Material supplied below:

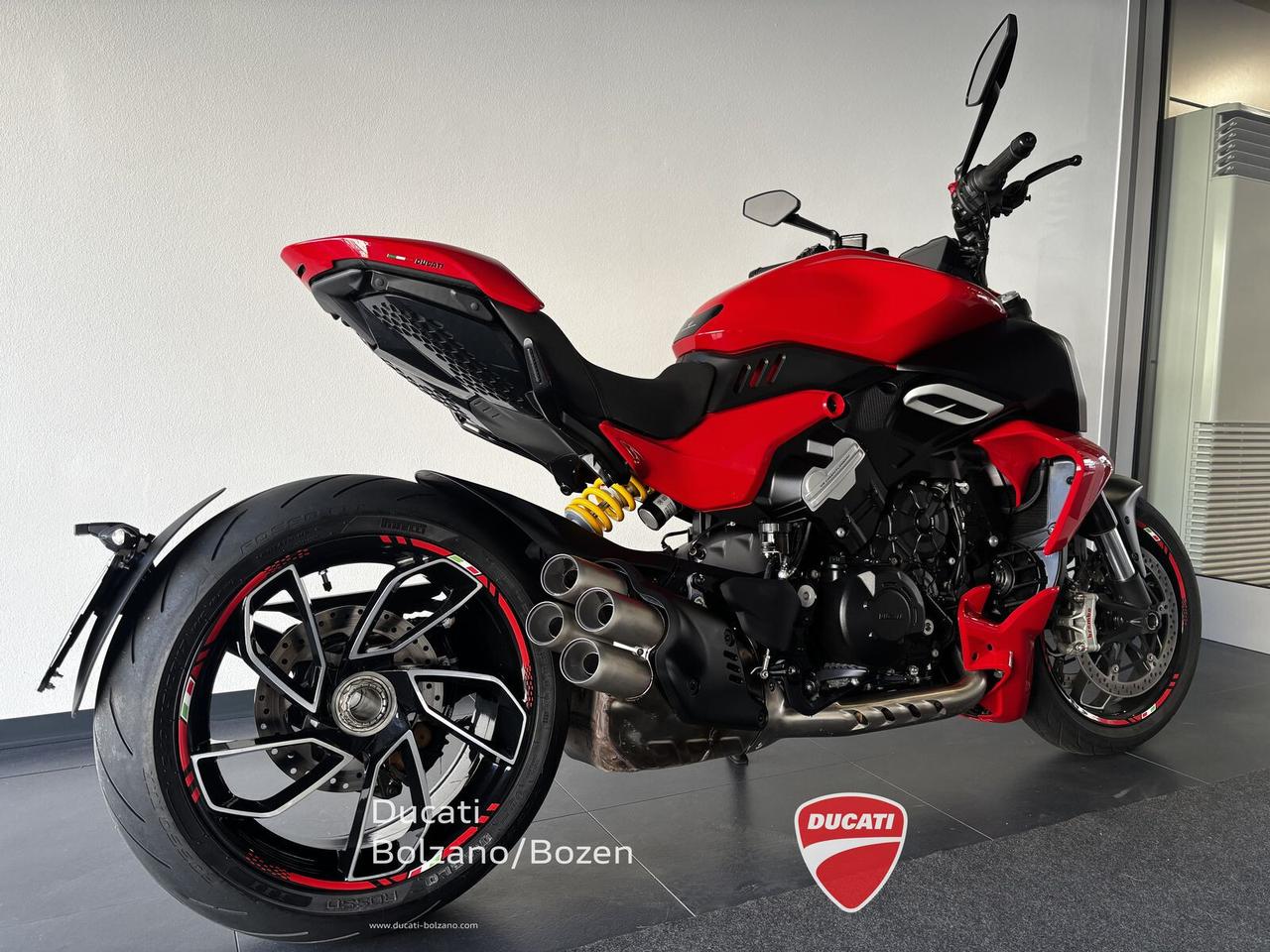 Ducati Diavel V4 - SOLO 9.560 km -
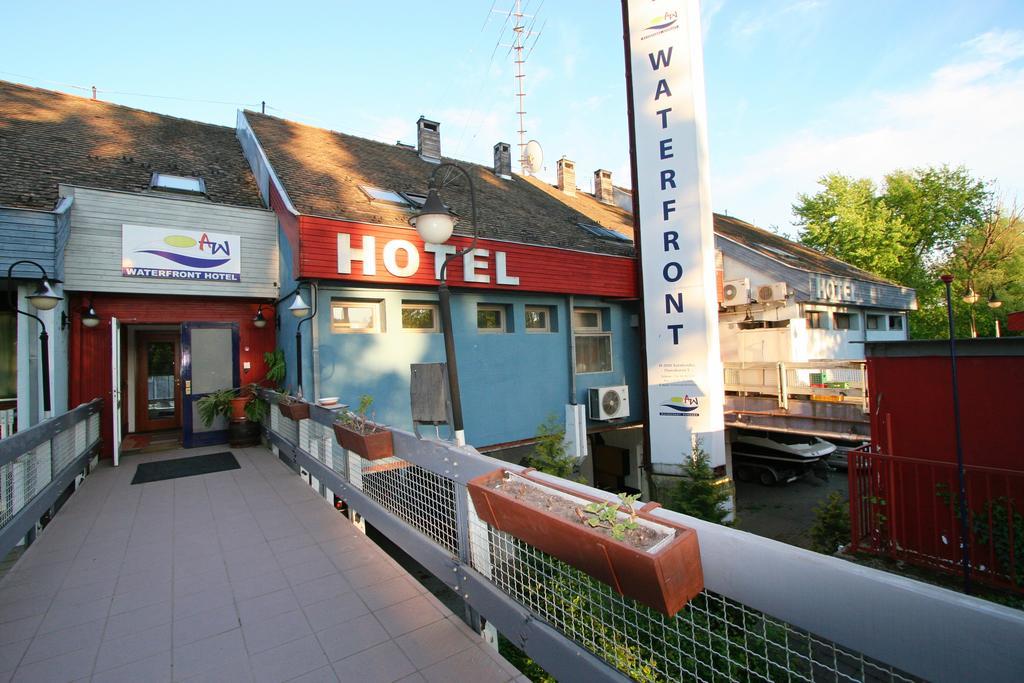 Hotel Waterfront Szentendre Exterior foto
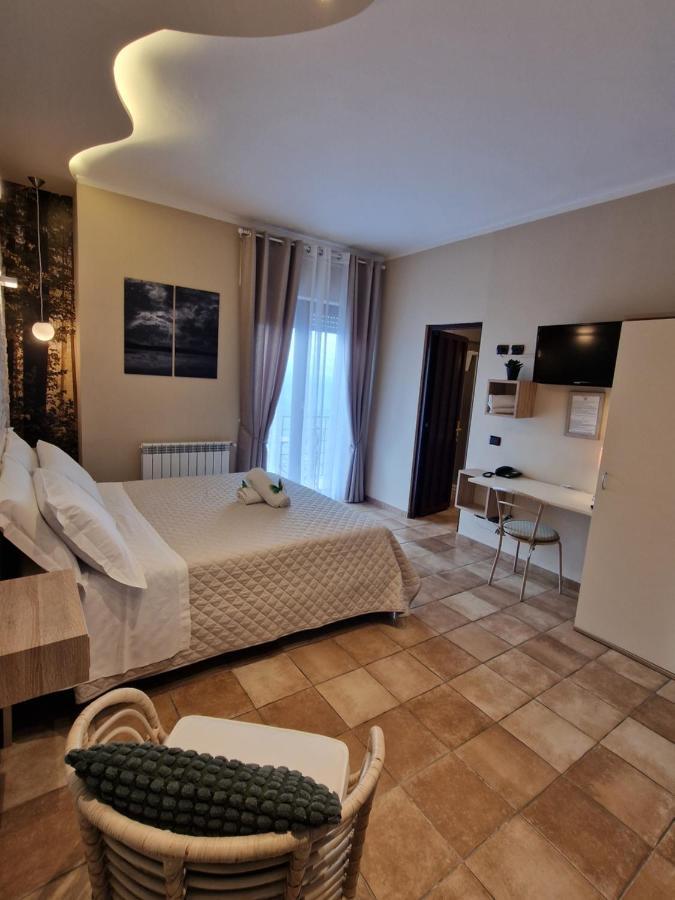 Hotel La Rocca Сан-Марино Экстерьер фото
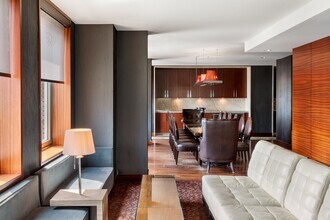 88 Greenwich St, Unit Great studio at Giana tital district in New York, NY - Building Photo - Building Photo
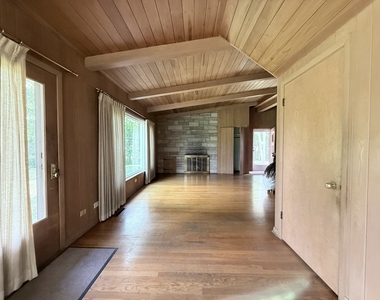 34 S River Street - Photo Thumbnail 8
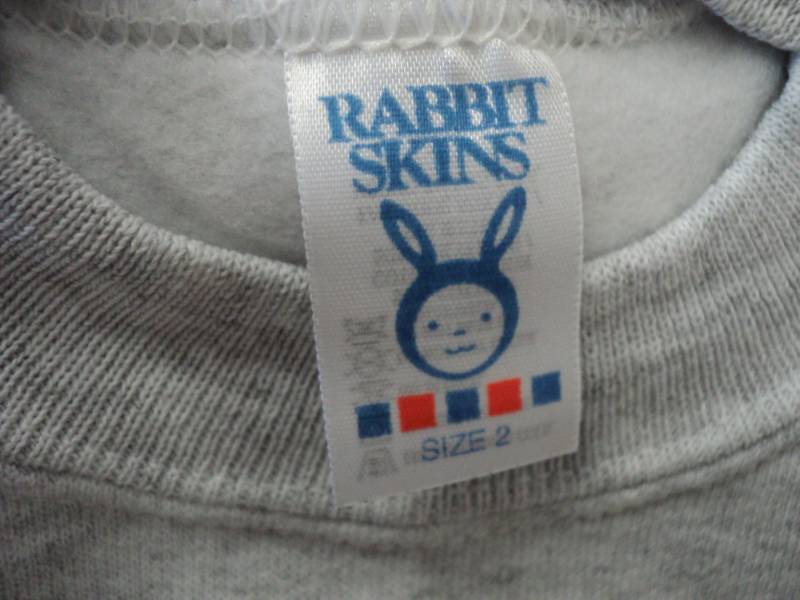 lot 107 image: 18 Grey Size 2 Long Sleeve Sweatshi...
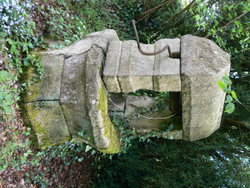 vieux puits granit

End of Material supplied.

The copy should start at the line that contains "Hotel Waterfront Szentendre Exterior foto", end at the last line of the entries above, and match each line exactly, with pictures dropped.

 Hotel Waterfront Szentendre Exterior foto
 Hotel La Rocca Сан-Марино Экстерьер фото
 88 Greenwich St, Unit Great studio at Giana tital district in New York, NY - Building Photo - Building Photo
 34 S River Street - Photo Thumbnail 8
 lot 107 image: 18 Grey Size 2 Long Sleeve Sweatshi...
 vieux puits granit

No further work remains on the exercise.